Gianluca Savoini dà uno sguardo amareggiato ai quotidiani: «La Nato ha detto che la revoca delle sanzioni alla Russia non è in discussione. Mancano di buon senso, come sempre». È lui l’uomo di Matteo Salvini a Mosca, lo sherpa del Carroccio dietro all’accordo di collaborazione che il ministro dell’Interno ha siglato il 6 marzo del 2017 con il partito Russia Unita di Vladimir Putin. Lo abbiamo intercettato sul treno che traghetta nella Capitale i passeggeri in arrivo all’aeroporto di Fiumicino, all’indomani del discorso per la fiducia durante il quale il neo premier Giuseppe Conte ha strizzato l’occhio alla Russia. «Sono appena tornato da Mosca». Nella Lega da prima ancora che la Lega s’insediasse nella storica sede di via Bellerio (era il 1993), dal 2014 Savoini è alla guida dell’associazione indipendente Lombardia-Russia. Il suo compito? Costruire «ponti» verso est.

Cosa c’è scritto nel contratto di cooperazione che lega il Carroccio a Russia Unita?
«Suddiviso in dieci punti, ha una durata di 5 anni. Prevede forme di cooperazione nella lotta al terrorismo e all’immigrazione clandestina, oltre che sul piano economico e commerciale. Non scordiamoci che le sanzioni contro Mosca sono costate care all’Italia: dal 2014 l’export verso la Russia ha perso più di 10 miliardi».
Il contratto impone al governo giallo-verde di opporsi al rinnovo delle sanzioni in occasione del prossimo consiglio europeo?
«Assolutamente no, il governo qui non c’entra niente. L’accordo si limita a favorire la collaborazione tra i due partiti in seno ad alcuni organismi internazionali, come l’Ocse, per il raggiungimento di obbiettivi utili a entrambi i Paesi».
Preoccupa il passaggio in cui si parla di un ampio scambio informativo tra i contraenti, considerato che il ministro dell’Interno avrà accesso a informazioni top secret.

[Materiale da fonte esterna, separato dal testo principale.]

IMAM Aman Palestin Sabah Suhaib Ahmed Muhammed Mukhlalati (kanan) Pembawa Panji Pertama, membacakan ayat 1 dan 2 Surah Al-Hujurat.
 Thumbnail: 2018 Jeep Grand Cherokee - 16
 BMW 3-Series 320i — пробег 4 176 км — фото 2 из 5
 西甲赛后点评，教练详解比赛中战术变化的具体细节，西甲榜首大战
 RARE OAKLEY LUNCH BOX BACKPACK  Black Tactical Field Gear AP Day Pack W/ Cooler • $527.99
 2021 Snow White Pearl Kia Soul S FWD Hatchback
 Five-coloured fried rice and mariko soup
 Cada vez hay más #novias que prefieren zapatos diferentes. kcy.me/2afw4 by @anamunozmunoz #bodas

«Oggi Putin si batte in prima linea per stabilizzare i paesi del Medio Oriente e del Nord Africa. Per essere protagonisti nello scacchiere geopolitico del Mediterraneo è indispensabile in questa fase avere un rapporto privilegiato con Mosca. Anche altri partiti europei hanno sottoscritto contratti simili con Russia Unita. Il Partito della Libertà di Strache, attuale vicepremier austriaco, ha fatto lo stesso nel 2016. La verità è che il vento sta cambiando».
In che direzione?
«L’Europa punta a rilanciare la cooperazione con Mosca, come trapelato anche dal recente discorso di Macron al Forum economico di San Pietroburgo».
Quando tornerà a Mosca?
«Il 15 luglio sono stato invitato al Luzhniki Stadium per assistere alla finale dei Mondiali».